▸ PROBLEM REQUIREMENTS:
In the data below, begin at the line with "Paper Junkie 4-Pack" and stop after the line with "Wholesale Men's Black"; output those lines exactly and no pictures.

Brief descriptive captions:
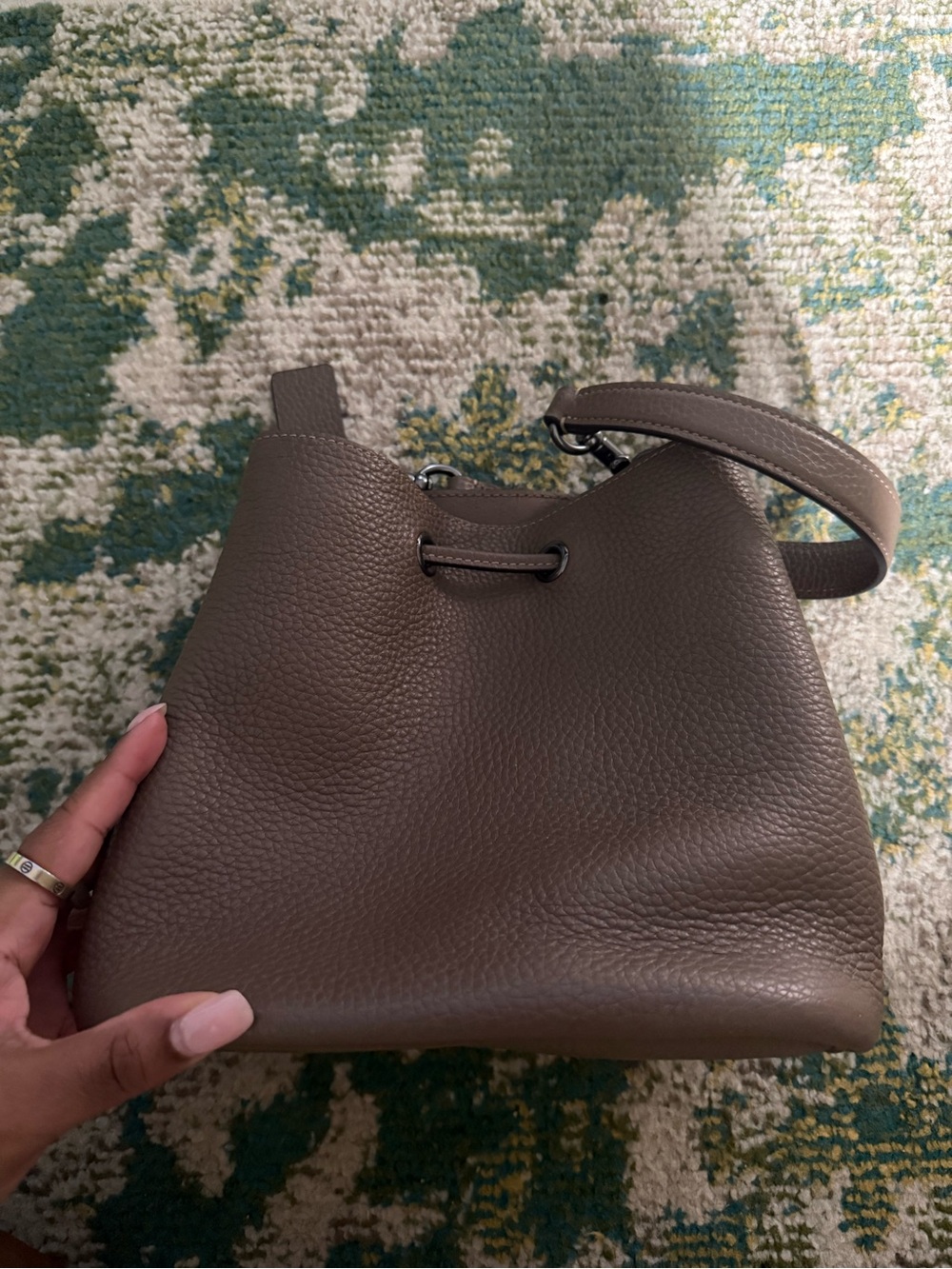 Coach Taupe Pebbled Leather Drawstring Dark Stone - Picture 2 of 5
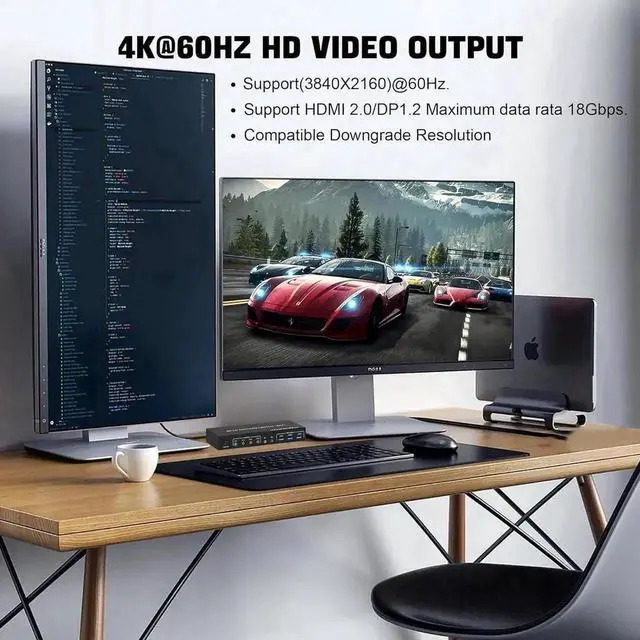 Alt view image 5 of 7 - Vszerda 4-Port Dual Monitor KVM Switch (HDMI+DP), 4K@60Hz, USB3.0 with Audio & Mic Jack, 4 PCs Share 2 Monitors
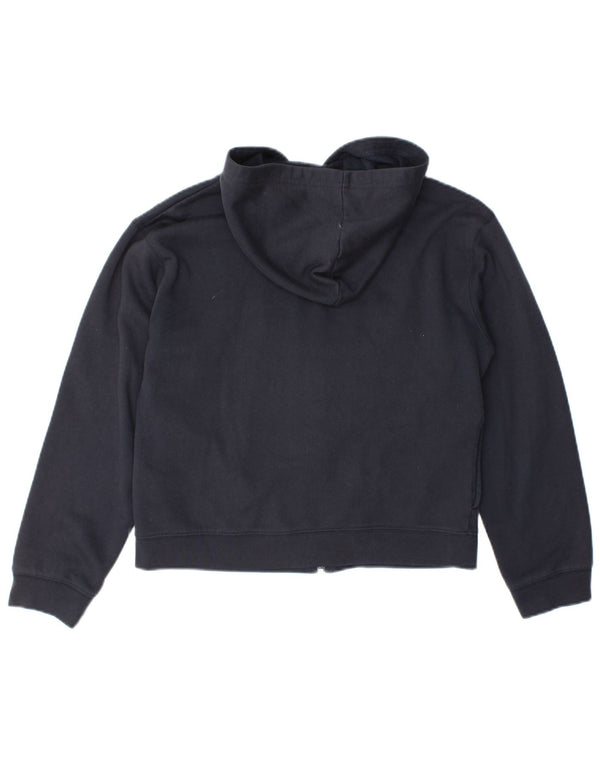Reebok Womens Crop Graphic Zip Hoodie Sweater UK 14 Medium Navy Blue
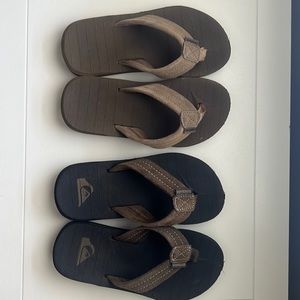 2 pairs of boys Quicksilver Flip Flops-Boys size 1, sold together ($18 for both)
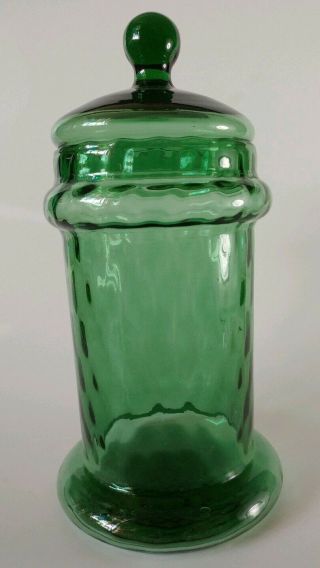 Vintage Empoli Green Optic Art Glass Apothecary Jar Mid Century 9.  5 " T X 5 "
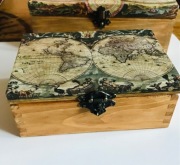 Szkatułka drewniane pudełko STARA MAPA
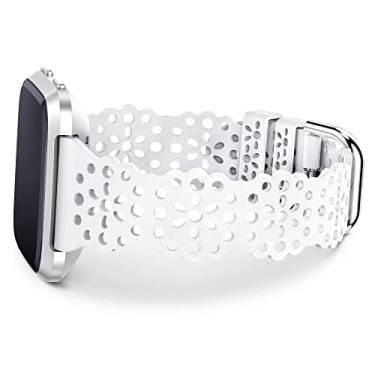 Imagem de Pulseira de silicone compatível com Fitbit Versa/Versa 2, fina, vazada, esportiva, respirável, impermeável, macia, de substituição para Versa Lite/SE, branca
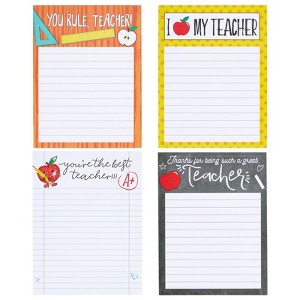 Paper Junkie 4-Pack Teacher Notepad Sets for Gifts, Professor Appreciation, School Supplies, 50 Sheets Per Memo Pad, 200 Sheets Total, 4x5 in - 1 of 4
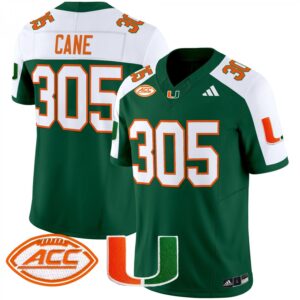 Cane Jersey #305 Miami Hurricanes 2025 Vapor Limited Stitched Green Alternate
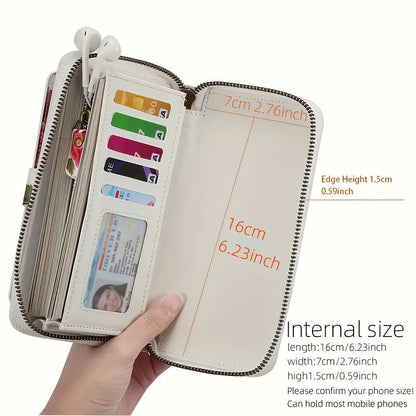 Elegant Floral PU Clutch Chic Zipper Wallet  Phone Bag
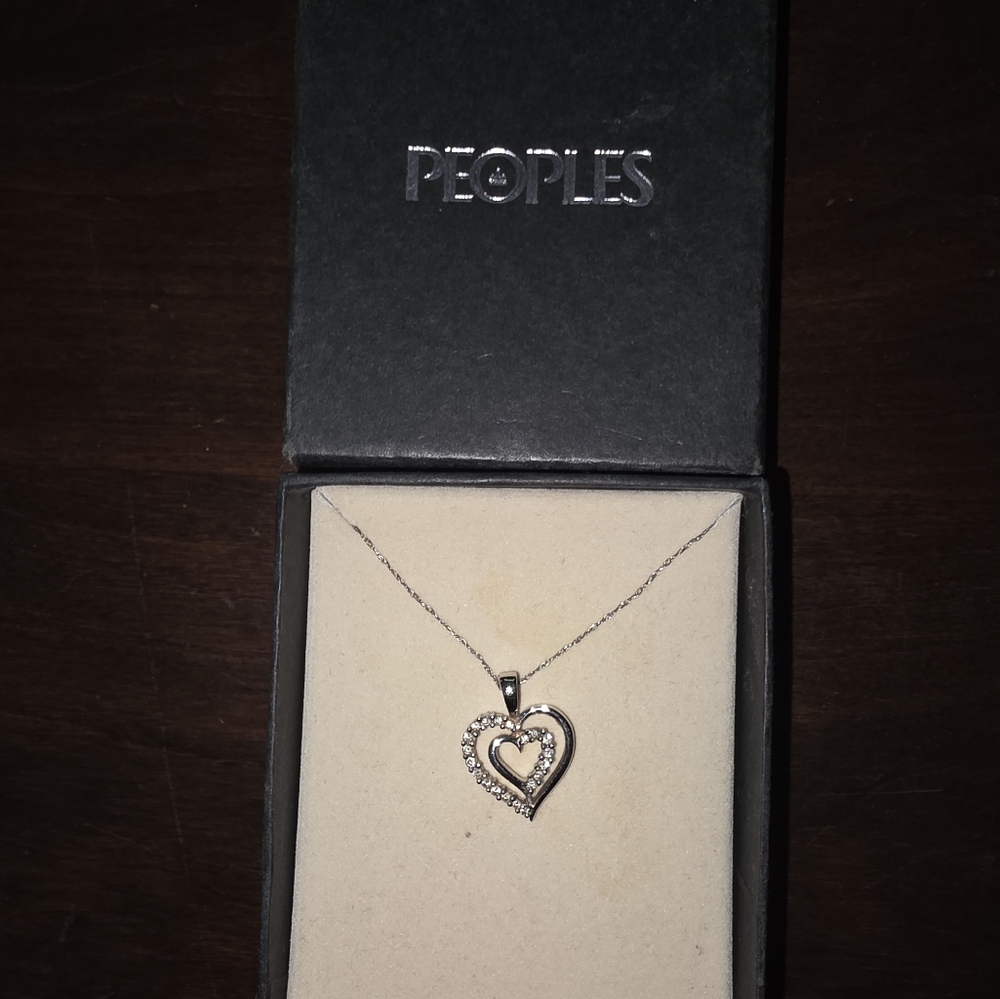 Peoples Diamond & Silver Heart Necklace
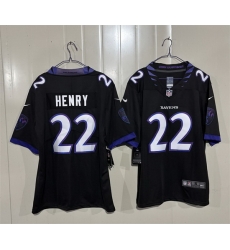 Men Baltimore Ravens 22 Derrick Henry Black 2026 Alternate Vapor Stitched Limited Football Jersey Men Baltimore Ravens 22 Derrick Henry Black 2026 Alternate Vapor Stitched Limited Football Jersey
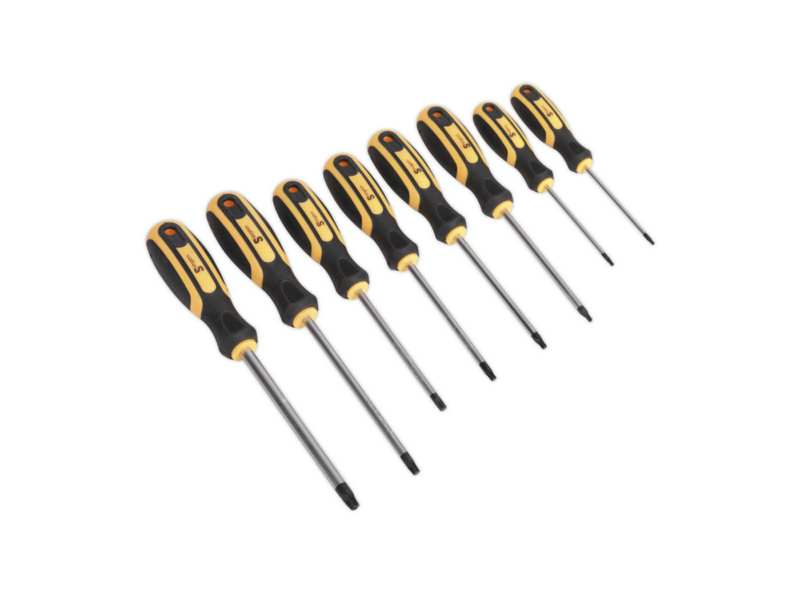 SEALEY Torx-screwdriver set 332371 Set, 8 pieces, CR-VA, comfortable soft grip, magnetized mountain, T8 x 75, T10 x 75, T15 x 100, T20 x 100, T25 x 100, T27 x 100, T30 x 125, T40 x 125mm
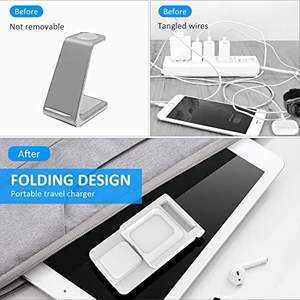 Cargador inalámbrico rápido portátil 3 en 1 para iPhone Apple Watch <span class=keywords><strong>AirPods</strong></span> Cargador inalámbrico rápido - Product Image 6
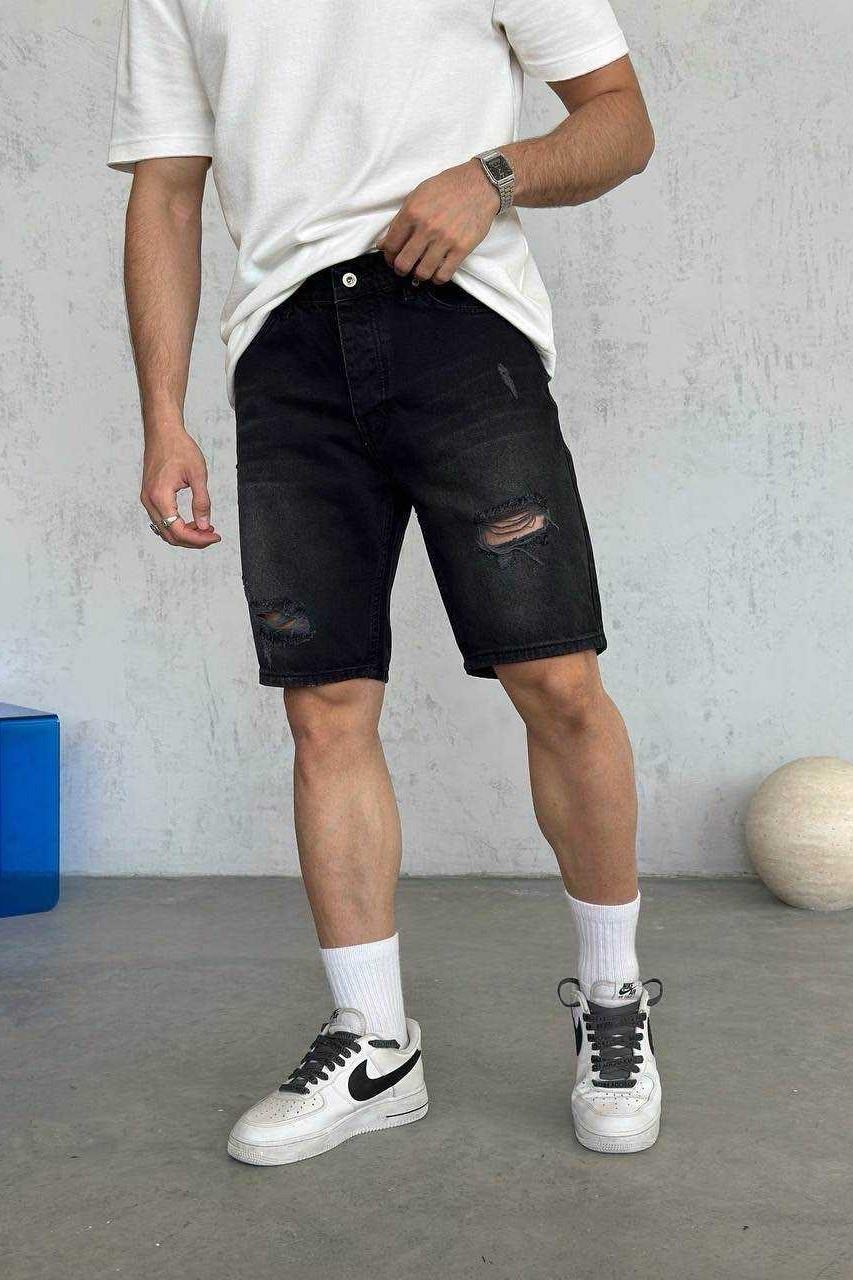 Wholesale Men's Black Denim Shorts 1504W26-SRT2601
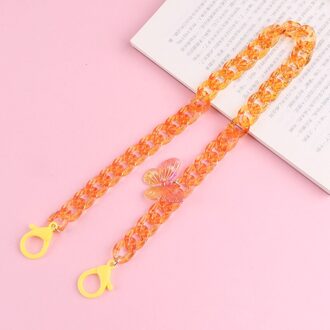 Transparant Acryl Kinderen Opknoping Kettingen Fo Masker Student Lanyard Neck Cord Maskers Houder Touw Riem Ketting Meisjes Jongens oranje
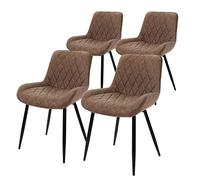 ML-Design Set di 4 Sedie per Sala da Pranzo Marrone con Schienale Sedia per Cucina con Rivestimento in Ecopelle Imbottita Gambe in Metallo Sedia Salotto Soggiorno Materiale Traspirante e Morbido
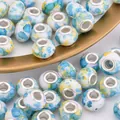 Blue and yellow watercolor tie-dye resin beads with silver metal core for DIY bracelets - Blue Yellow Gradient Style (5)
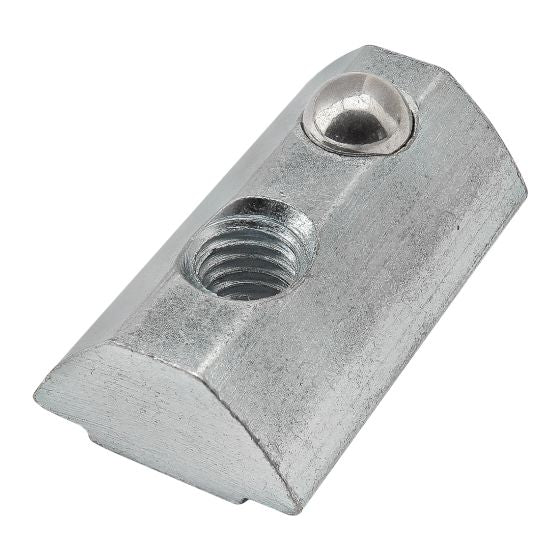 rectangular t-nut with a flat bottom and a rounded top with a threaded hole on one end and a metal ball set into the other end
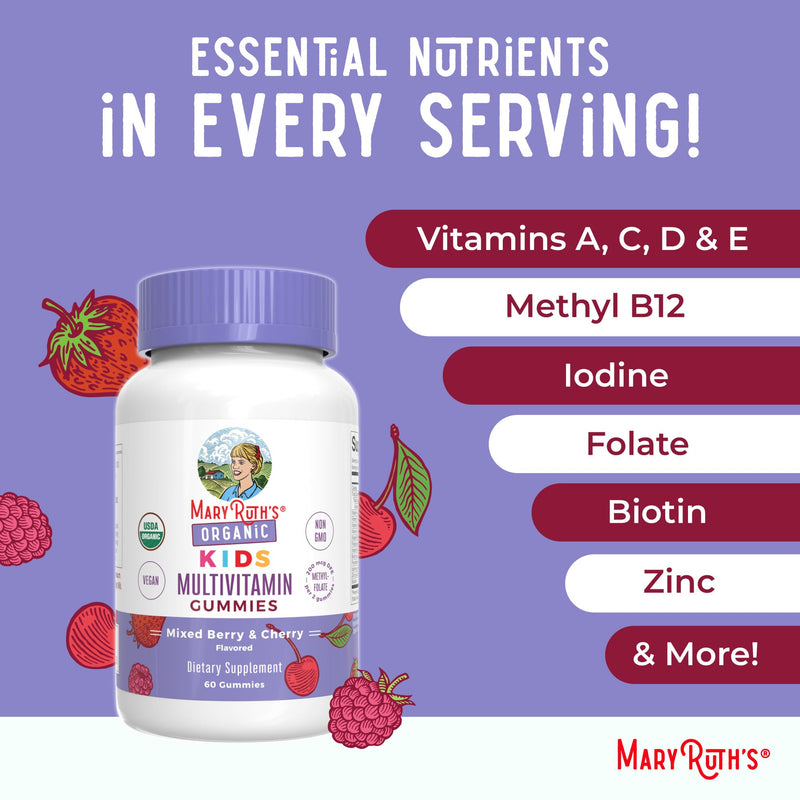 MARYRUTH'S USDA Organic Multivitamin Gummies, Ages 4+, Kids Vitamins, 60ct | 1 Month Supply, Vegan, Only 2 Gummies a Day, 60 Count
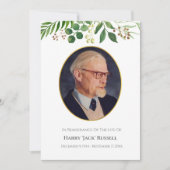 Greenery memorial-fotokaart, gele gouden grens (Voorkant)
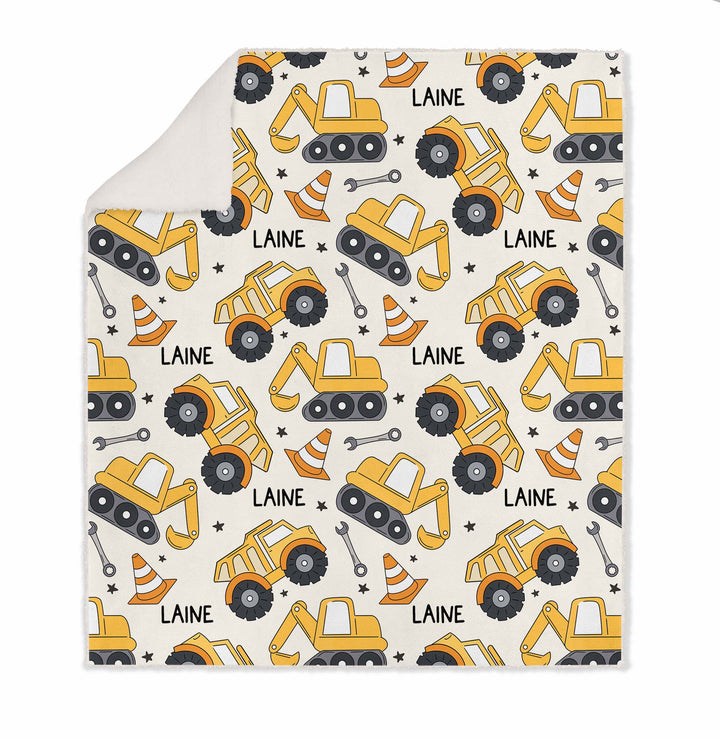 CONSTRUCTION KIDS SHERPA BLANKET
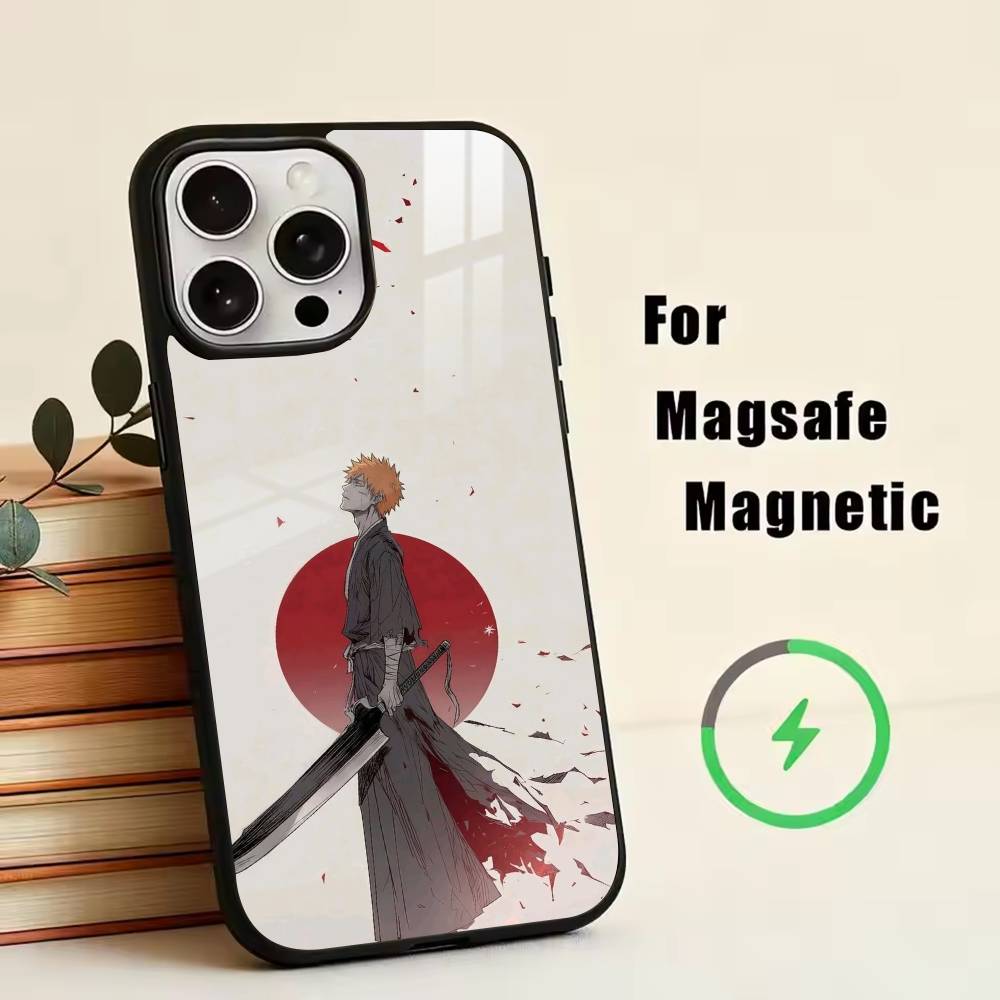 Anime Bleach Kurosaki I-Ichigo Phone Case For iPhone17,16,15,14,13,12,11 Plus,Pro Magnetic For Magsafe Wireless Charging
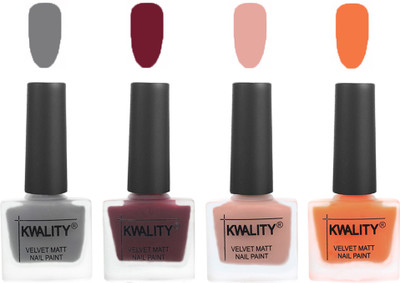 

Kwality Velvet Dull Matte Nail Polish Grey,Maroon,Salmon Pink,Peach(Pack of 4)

▸ RESULT:
 Paper Junkie 4-Pack Teacher Notepad Sets for Gifts, Professor Appreciation, School Supplies, 50 Sheets Per Memo Pad, 200 Sheets Total, 4x5 in - 1 of 4
 Cane Jersey #305 Miami Hurricanes 2025 Vapor Limited Stitched Green Alternate
 Elegant Floral PU Clutch Chic Zipper Wallet  Phone Bag
 Peoples Diamond & Silver Heart Necklace
 Men Baltimore Ravens 22 Derrick Henry Black 2026 Alternate Vapor Stitched Limited Football Jersey Men Baltimore Ravens 22 Derrick Henry Black 2026 Alternate Vapor Stitched Limited Football Jersey
 SEALEY Torx-screwdriver set 332371 Set, 8 pieces, CR-VA, comfortable soft grip, magnetized mountain, T8 x 75, T10 x 75, T15 x 100, T20 x 100, T25 x 100, T27 x 100, T30 x 125, T40 x 125mm
 Cargador inalámbrico rápido portátil 3 en 1 para iPhone Apple Watch <span class=keywords><strong>AirPods</strong></span> Cargador inalámbrico rápido - Product Image 6
 Wholesale Men's Black Denim Shorts 1504W26-SRT2601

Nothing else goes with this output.